Looks like an obviously good thing, and I only have one nitpick.

llvm/lib/Target/ARM/ARMISelLowering.cpp
7648

You've used VECTOR_REG_CAST where other branches of this code have BITCAST.

As far as I can see, either one will work provided the constant is constructed right (e.g. if you wanted to make a v16i8 containing 1,2,3,4,1,2,3,4,... then you might have to vdup 0x01020304 or 0x04030201 depending which cast you wanted to use afterwards). But I don't see any big-endian test to demonstrate it picking the right one. Unless I've missed one, could you add it?

dmgreen updated this revision to Diff 350514.Jun 8 2021, 12:42 AM

Added two new test cases, mov_int8_1234 that does like you said i8 <1,2,3,4,1,2,3,4,..> and mov_int32_16908546 which is 0x1020102 VDUP'd as a i16.

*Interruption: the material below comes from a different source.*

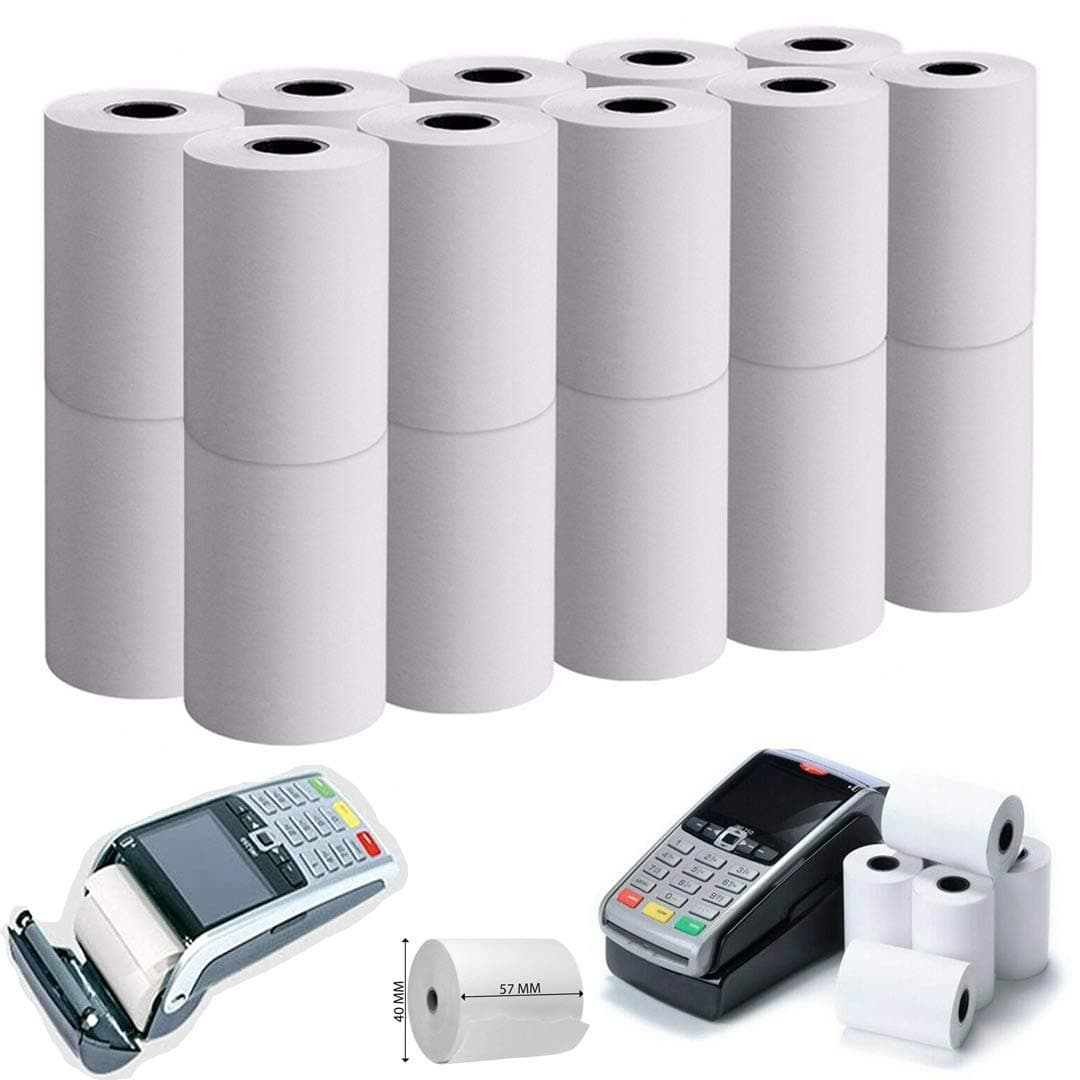 New 57MM X 40MM X 12.7MM BPA Free Thermal Rolls BPA BPS Free Credit Card Machine Rolls PDQ Rolls Thermal Till Rolls (20, 57MM X 40MM X 12.7MM)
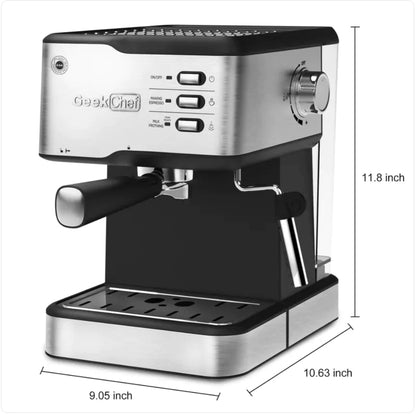 Geek Chef 20 - Bar Espresso Machine with Milk Frother - Tech Tready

simon_tatham accepted this revision.Jun 8 2021, 2:53 AM
simon_tatham added inline comments.
llvm/test/CodeGen/Thumb2/mve-vmovimm.ll
37–39

I think this output is right, but it confused me completely for a while and I had to try it in emulation to convince myself!

In the middle of a larger function, I think that if you wanted to make this 1,2,3,4,1,2,3,4,... vector and then immediately apply another v16i8 operation to it, you would vdup the same 32-bit constant 0x04030201 regardless of endianness, because the logical 'lane 0' of the vector always occupies the low-order bits.

And the reason why the output is different between LE and BE in this context is that the vdup is immediately followed by a function return, which in BE requires an extra vrev due to the vector register PCS. And that function-return vrev has been folded into the constant, which is why it's the other way round here.

So, I think this is the right output, but it might benefit from a comment in case the next reader gets as confused as I did!

This revision is now accepted and ready to land.Jun 8 2021, 2:53 AM
This revision was landed with ongoing or failed builds.Jun 8 2021, 12:52 PM
This revision was automatically updated to reflect the committed changes.